[WORK INSTRUCTIONS] Print each record exactly, with no word added or removed.

(Dataset records)
————

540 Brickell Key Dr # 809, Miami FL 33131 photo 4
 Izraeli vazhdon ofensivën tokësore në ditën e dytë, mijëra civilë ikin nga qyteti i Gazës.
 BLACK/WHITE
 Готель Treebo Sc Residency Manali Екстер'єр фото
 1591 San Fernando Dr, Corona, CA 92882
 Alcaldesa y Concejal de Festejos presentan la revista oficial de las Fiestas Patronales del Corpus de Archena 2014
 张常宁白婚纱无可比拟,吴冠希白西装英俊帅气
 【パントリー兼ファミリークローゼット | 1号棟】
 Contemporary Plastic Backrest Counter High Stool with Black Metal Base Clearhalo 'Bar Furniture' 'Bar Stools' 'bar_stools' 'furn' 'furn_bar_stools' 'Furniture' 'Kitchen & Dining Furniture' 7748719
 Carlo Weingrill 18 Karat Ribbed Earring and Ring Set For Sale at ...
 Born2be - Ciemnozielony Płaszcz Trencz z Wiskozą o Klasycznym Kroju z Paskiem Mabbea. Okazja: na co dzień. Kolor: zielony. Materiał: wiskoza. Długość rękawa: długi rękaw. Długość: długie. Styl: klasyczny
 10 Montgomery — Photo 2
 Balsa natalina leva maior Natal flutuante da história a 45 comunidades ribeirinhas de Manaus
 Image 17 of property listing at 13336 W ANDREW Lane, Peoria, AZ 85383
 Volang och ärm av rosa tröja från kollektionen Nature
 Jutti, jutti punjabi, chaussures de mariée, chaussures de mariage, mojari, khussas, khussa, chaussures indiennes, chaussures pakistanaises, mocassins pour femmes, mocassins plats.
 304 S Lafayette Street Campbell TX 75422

————

[RESPONSE]
540 Brickell Key Dr # 809, Miami FL 33131 photo 4
 Izraeli vazhdon ofensivën tokësore në ditën e dytë, mijëra civilë ikin nga qyteti i Gazës.
 BLACK/WHITE
 Готель Treebo Sc Residency Manali Екстер'єр фото
 1591 San Fernando Dr, Corona, CA 92882
 Alcaldesa y Concejal de Festejos presentan la revista oficial de las Fiestas Patronales del Corpus de Archena 2014
 张常宁白婚纱无可比拟,吴冠希白西装英俊帅气
 【パントリー兼ファミリークローゼット | 1号棟】
 Contemporary Plastic Backrest Counter High Stool with Black Metal Base Clearhalo 'Bar Furniture' 'Bar Stools' 'bar_stools' 'furn' 'furn_bar_stools' 'Furniture' 'Kitchen & Dining Furniture' 7748719
 Carlo Weingrill 18 Karat Ribbed Earring and Ring Set For Sale at ...
 Born2be - Ciemnozielony Płaszcz Trencz z Wiskozą o Klasycznym Kroju z Paskiem Mabbea. Okazja: na co dzień. Kolor: zielony. Materiał: wiskoza. Długość rękawa: długi rękaw. Długość: długie. Styl: klasyczny
 10 Montgomery — Photo 2
 Balsa natalina leva maior Natal flutuante da história a 45 comunidades ribeirinhas de Manaus
 Image 17 of property listing at 13336 W ANDREW Lane, Peoria, AZ 85383
 Volang och ärm av rosa tröja från kollektionen Nature
 Jutti, jutti punjabi, chaussures de mariée, chaussures de mariage, mojari, khussas, khussa, chaussures indiennes, chaussures pakistanaises, mocassins pour femmes, mocassins plats.
 304 S Lafayette Street Campbell TX 75422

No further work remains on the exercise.